Outgoing City Councilor Darlene Harris has a word of advice for her successor: be prepared for long hours.

"I went to all of my neighborhood meetings unless there were two in one night," she said days before her final council meeting on Dec. 30. "Then I'd get my staff person to go, then I'd go the next time. ... You should work the hours, if not more, to get things done in the neighborhood." 

Harris will step down and be replaced by Bobby Wilson on Jan. 6. Harris served for 12 years as the representative for City Council District 1, which includes city neighborhoods north of the Allegheny and Ohio rivers. She often opposed Mayor Bill Peduto, who backed Wilson's successful bid to oust her in the 2019 Democratic primary. 

Harris, who previously served on the city's school board, was known on council for her concern about animal welfare, and she was targeted by the city's advertising industry for supporting a tax on city billboards.
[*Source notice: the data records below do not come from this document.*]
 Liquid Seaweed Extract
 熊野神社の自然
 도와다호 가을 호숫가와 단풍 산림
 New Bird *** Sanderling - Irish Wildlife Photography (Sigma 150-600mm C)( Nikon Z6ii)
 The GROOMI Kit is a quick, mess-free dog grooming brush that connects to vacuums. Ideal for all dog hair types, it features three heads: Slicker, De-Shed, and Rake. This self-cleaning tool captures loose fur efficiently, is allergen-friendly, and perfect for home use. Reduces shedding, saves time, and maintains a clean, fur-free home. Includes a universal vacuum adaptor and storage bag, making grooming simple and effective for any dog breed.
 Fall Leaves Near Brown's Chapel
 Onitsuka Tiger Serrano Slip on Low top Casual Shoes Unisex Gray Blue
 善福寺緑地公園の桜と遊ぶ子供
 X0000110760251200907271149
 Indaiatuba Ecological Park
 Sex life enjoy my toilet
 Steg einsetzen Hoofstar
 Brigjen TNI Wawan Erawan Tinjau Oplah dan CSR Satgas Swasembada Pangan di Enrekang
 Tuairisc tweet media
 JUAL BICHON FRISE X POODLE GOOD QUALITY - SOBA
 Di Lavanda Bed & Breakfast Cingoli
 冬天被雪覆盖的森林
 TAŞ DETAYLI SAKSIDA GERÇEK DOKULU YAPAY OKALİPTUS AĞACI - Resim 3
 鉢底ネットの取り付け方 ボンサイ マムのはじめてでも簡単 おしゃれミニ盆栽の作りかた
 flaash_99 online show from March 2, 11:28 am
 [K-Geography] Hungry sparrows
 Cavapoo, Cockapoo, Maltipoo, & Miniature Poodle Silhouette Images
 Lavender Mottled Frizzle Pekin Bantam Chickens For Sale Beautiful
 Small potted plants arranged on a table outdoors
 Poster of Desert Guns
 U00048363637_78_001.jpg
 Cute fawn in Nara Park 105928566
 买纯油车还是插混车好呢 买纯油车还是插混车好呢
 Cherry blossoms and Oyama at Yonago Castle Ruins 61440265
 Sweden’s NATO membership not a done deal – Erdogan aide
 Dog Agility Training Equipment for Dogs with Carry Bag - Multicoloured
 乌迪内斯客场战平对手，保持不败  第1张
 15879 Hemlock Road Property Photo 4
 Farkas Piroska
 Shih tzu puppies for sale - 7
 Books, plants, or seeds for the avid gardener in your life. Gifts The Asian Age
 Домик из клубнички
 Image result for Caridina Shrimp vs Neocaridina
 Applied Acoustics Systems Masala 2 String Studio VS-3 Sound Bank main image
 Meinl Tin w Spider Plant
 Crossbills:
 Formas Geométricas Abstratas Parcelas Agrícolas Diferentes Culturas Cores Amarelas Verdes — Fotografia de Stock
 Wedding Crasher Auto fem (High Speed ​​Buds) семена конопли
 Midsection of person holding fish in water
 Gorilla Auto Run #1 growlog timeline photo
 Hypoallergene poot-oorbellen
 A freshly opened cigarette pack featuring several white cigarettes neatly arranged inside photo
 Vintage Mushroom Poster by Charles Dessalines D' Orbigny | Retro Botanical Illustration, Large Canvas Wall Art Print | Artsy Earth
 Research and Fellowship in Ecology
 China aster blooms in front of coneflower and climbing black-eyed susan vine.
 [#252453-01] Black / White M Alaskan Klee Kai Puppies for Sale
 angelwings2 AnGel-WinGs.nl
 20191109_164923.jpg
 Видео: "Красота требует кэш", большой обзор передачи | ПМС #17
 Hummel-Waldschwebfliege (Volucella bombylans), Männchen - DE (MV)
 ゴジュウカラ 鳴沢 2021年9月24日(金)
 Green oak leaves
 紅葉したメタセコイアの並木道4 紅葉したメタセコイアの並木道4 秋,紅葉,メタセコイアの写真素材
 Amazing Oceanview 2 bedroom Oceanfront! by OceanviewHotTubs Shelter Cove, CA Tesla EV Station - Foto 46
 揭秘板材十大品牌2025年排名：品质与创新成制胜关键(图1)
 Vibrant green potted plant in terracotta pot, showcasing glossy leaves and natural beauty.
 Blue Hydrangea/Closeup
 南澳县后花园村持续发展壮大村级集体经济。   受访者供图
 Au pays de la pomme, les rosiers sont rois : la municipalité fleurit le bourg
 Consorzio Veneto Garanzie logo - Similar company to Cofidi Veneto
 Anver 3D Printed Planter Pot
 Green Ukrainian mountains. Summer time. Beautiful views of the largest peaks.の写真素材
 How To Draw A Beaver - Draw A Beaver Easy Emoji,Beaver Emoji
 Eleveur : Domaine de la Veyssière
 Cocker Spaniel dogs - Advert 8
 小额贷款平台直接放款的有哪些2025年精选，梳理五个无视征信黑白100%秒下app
But she said that while she is proud of much the work she has done as councilor, she took special pride in her work to shore up the city's pension fund. 

In 2010, the city was poised to lease its parking facilities to a Wall Street firm for $220 million. The money was supposed to be invested in the city's chronically underfunded pension fund. But Harris and others found an alternate solution, which involved pledging future parking tax revenues to the fund, that kept the lots in public hands. 

"The proudest moment was to help the pensions so that people would not go without a pension, a full pension," she said. 

Harris final weeks in office were contentious. They involved an allegation that she improperly took gifts given to the city by foreign visitors — Harris says the gifts were made to her personally during her stint as council's president — and a court battle over her refusal to follow a city ordinance that requires greater disclosure of campaign finances. Harris flouted the law both in an unsuccessful 2017 mayoral run against Peduto and in her reelection bid this year. 

That court fight will continue even after Harris' departure. But as for Harris herself, she said now that she will have more free time, she plans on spending it with her five grandchildren.